Der Leitfaden zum CBOK
Vorwort
Connier Moore, Vice President and Principal Analyst, Forrester Research
Ich fühle mich sehr geehrt, dass die ABPMP mich gefragt hat, das Vorwort zu dieser dritten Version des ABPMP Common Body of Knowledge zu schreiben. Warum? Weil die Zertifizierungsaktivitäten zum Prozessmanagement, die sich die ABPMP auf die Fahne geschrieben hat, meiner Ansicht nach eine der wichtigsten Initiativen - wenn nicht sogar die wichtigste - im Umfeld des Prozessmanagements darstellt. Bei Forrester Research wissen wir, dass es nicht annähernd genügend qualifizierte Experten gibt, um den wachsenden Bedarf zu decken. Dieser Mangel behindert massiv die Umsetzung von Verbesserungen im Prozessmanagement.
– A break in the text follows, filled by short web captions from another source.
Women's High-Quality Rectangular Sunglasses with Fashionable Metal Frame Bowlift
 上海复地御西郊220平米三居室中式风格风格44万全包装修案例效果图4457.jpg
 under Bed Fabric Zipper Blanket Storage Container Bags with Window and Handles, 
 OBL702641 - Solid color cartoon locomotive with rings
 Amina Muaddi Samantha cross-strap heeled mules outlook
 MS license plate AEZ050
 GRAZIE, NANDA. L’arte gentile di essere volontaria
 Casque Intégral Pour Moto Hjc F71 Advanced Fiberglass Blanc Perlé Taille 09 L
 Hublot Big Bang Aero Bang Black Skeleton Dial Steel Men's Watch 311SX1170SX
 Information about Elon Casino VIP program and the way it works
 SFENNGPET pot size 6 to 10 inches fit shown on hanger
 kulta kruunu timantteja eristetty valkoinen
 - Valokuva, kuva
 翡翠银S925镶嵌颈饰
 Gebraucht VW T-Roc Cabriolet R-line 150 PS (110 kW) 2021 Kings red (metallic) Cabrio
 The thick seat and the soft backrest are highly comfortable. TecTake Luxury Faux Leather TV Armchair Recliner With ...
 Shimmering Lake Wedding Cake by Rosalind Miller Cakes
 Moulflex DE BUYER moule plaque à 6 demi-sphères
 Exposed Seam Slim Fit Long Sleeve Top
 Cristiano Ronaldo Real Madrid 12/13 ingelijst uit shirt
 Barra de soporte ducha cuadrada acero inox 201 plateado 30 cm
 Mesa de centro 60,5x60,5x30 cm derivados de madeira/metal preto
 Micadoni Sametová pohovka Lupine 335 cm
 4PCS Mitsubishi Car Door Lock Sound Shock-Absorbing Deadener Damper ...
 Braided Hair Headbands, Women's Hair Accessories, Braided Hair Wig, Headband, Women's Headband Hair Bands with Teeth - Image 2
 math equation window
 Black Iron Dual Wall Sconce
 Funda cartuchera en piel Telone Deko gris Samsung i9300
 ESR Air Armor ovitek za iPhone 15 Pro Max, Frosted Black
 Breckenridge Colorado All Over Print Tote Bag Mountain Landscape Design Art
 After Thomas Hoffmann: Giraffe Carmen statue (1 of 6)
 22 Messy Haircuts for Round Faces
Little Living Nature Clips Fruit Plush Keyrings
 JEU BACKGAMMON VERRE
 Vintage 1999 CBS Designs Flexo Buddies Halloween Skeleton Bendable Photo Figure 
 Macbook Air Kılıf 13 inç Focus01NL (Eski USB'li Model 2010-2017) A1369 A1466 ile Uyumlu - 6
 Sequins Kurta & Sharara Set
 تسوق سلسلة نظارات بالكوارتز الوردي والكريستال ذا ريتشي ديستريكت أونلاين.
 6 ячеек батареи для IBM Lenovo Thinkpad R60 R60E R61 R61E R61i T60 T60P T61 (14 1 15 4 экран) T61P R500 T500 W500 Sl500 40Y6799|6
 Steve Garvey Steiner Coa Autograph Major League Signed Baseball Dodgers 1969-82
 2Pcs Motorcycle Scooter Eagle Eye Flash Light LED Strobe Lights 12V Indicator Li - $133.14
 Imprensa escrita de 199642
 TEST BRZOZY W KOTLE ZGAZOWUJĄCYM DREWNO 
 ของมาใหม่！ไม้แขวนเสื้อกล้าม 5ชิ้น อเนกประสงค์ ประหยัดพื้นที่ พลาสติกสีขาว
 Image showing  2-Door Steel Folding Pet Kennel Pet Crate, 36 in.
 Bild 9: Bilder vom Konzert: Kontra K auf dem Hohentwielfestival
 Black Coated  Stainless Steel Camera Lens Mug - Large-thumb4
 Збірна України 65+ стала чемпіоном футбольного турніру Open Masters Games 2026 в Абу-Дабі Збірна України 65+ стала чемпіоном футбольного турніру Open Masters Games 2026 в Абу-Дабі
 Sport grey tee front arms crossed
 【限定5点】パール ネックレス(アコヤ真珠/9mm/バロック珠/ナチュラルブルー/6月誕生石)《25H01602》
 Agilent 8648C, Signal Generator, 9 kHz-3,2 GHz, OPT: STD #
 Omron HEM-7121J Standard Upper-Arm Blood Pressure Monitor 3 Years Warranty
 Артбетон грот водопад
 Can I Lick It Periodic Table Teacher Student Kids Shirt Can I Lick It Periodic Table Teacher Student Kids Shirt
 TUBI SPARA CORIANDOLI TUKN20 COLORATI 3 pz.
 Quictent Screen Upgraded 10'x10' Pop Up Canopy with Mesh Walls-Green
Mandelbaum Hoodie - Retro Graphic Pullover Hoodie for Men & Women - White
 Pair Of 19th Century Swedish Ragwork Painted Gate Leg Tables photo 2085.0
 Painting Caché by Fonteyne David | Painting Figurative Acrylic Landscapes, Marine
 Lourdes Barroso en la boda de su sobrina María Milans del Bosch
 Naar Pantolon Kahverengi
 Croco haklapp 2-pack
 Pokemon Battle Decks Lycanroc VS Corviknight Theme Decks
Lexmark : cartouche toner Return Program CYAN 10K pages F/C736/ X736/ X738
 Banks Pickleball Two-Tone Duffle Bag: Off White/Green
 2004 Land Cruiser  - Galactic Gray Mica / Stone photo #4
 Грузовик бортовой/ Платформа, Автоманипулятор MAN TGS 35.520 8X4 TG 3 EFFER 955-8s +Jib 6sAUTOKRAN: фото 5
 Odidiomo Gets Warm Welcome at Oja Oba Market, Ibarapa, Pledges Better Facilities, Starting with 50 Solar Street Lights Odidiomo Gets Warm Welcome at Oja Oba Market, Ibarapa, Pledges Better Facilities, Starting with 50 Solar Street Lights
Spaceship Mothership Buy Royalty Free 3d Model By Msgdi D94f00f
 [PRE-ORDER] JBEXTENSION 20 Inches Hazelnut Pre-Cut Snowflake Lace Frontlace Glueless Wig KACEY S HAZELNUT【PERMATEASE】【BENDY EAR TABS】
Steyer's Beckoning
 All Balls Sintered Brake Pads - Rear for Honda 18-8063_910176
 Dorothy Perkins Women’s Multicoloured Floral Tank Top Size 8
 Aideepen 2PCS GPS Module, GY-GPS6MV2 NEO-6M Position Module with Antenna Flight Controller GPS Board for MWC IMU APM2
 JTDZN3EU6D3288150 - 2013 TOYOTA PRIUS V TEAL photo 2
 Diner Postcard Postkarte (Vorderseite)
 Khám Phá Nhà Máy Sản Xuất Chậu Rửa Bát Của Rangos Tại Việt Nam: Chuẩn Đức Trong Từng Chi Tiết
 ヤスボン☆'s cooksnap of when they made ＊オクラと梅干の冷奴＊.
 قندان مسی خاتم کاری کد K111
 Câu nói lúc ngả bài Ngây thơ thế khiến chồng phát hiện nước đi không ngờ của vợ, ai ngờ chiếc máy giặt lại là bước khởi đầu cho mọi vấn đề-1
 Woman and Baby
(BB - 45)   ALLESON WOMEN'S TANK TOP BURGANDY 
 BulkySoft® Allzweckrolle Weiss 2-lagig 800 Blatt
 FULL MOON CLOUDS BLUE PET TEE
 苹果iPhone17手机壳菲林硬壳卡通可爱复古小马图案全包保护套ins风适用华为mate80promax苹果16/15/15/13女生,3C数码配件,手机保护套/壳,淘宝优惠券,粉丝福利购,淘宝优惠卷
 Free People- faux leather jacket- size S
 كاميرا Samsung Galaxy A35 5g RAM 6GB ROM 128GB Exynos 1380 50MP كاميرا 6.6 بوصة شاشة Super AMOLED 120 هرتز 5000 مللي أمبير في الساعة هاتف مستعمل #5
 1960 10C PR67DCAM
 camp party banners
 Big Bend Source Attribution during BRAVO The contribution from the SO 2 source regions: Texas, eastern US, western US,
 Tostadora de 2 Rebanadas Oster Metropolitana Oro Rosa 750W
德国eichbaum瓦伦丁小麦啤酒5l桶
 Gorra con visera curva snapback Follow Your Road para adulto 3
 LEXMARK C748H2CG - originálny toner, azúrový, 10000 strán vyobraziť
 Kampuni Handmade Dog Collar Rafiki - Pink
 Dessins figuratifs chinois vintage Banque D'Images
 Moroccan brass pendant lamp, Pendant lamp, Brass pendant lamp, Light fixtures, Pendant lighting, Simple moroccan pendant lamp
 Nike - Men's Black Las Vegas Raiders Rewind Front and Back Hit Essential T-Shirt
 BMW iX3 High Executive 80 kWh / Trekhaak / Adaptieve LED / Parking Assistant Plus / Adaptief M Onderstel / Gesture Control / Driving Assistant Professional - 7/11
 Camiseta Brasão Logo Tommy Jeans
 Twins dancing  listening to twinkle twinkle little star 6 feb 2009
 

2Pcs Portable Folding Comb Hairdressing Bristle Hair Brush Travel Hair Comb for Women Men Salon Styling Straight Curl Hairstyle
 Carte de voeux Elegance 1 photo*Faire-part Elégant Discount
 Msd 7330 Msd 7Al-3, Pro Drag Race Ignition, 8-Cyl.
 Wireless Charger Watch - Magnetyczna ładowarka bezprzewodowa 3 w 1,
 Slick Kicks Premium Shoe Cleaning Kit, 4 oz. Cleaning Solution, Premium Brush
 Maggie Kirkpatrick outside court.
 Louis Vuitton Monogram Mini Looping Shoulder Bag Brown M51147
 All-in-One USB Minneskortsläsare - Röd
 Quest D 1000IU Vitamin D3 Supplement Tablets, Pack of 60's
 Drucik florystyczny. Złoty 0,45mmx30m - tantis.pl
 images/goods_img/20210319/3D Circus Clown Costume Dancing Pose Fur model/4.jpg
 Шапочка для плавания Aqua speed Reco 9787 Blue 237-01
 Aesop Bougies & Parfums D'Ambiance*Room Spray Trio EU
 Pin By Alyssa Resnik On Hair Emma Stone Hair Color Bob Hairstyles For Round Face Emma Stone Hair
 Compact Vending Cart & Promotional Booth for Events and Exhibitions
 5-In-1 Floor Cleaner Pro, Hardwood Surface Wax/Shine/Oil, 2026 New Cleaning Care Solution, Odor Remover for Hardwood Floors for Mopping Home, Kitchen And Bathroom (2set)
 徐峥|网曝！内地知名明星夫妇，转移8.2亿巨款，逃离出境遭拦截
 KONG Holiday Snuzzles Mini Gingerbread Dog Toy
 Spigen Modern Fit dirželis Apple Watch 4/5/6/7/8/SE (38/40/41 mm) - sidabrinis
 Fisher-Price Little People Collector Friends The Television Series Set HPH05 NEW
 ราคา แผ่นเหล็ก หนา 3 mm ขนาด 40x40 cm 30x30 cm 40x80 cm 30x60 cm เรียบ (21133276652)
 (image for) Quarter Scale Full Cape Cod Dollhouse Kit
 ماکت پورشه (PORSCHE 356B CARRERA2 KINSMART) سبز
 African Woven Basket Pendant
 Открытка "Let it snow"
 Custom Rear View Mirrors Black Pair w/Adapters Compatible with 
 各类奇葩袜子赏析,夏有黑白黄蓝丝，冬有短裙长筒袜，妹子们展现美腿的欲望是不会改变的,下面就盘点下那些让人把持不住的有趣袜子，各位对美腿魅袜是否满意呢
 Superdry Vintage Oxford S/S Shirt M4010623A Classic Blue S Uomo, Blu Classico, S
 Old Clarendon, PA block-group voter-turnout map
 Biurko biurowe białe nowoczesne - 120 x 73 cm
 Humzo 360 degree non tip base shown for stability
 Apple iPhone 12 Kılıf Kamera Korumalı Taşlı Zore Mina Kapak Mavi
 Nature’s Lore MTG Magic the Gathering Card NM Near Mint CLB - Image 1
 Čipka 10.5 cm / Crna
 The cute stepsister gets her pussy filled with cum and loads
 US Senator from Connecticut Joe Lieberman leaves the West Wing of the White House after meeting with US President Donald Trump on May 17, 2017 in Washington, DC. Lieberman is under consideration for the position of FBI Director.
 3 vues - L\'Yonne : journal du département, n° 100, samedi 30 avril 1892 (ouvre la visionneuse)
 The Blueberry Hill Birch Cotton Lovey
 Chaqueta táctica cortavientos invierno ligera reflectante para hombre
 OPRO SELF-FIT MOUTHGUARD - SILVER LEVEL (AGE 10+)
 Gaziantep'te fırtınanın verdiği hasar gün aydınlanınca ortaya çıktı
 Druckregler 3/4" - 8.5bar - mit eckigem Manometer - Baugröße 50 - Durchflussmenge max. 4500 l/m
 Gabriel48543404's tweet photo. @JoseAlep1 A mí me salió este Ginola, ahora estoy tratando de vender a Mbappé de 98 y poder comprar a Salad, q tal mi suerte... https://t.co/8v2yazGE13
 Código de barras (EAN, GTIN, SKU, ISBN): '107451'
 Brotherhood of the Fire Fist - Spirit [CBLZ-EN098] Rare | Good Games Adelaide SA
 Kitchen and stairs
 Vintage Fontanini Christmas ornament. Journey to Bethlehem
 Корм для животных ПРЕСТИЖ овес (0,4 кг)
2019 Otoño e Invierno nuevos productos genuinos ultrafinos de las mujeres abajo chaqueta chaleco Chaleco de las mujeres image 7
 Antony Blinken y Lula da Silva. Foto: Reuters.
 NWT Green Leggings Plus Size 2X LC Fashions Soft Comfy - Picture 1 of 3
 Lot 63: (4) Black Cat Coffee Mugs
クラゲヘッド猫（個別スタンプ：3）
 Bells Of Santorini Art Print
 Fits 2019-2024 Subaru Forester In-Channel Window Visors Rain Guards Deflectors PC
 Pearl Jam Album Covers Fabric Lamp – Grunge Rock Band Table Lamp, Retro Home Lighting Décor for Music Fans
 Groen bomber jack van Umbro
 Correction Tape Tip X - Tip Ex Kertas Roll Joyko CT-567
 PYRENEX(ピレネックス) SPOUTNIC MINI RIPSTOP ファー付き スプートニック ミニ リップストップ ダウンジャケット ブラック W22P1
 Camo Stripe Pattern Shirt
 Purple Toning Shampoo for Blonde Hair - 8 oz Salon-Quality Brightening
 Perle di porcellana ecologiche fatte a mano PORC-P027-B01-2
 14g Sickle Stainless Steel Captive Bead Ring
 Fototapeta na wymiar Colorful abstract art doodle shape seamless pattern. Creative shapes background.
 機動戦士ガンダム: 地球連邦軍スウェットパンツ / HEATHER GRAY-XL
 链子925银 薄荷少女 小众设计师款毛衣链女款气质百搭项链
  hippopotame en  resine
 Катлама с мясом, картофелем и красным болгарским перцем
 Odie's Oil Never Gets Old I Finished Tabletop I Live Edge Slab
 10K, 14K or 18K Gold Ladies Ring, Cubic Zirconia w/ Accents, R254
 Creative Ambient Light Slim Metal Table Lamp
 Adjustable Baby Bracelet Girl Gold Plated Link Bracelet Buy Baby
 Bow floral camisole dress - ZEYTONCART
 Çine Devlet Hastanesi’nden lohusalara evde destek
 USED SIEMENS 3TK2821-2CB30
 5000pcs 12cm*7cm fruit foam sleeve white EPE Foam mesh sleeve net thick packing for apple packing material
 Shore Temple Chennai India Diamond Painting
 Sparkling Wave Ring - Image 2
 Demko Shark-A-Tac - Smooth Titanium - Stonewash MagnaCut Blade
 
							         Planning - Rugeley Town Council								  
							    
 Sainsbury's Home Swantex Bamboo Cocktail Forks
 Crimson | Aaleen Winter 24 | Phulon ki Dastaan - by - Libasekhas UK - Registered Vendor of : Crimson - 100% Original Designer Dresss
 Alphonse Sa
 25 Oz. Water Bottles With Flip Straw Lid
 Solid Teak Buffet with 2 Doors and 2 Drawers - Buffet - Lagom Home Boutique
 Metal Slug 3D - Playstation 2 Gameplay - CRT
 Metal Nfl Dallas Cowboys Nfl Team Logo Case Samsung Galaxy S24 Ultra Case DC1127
Während die nordamerikanische und die europäische Wirtschaft unverändert mit Stellenkürzungen, chronischer Arbeitslosigkeit oder Unterbeschäftigung und stagnierenden Gehältern kämpfen, ist der Mangel an BPM-Experten eine sehr gute Nachricht für Menschen, die Arbeit suchen oder ihre Karriere voran bringen möchten - sowohl in den Fachabteilungen wie auch in der IT. Aber es geht hier nicht nur um Individuen, die sich zu ihrem eigenen Vorteil fortbilden. Unternehmen suchen Mitarbeiter für offene Stellen. Sie werden ihre Fortbildungsprogramme für das nächste Jahrzehnt hochfahren, um Mitarbeiter für die geplanten Prozessmanagement-Aktivitäten zu schulen. Private und staatliche Einrichtungen müssen sich der Herausforderung stellen, eine große Anzahl qualifizierter Experten des Prozessmanagements auszubilden und zu fördern, so dass sie ihre Fähigkeiten vertiefen und verbessern können.
Aber das ist nicht alles. Erst kürzlich hat Forrester die Notwendigkeit deutlich gemacht, dass sich die Unternehmen auf Big Process einlassen müssen, wenn sie den Anforderungen der Zukunft gewachsen sein wollen.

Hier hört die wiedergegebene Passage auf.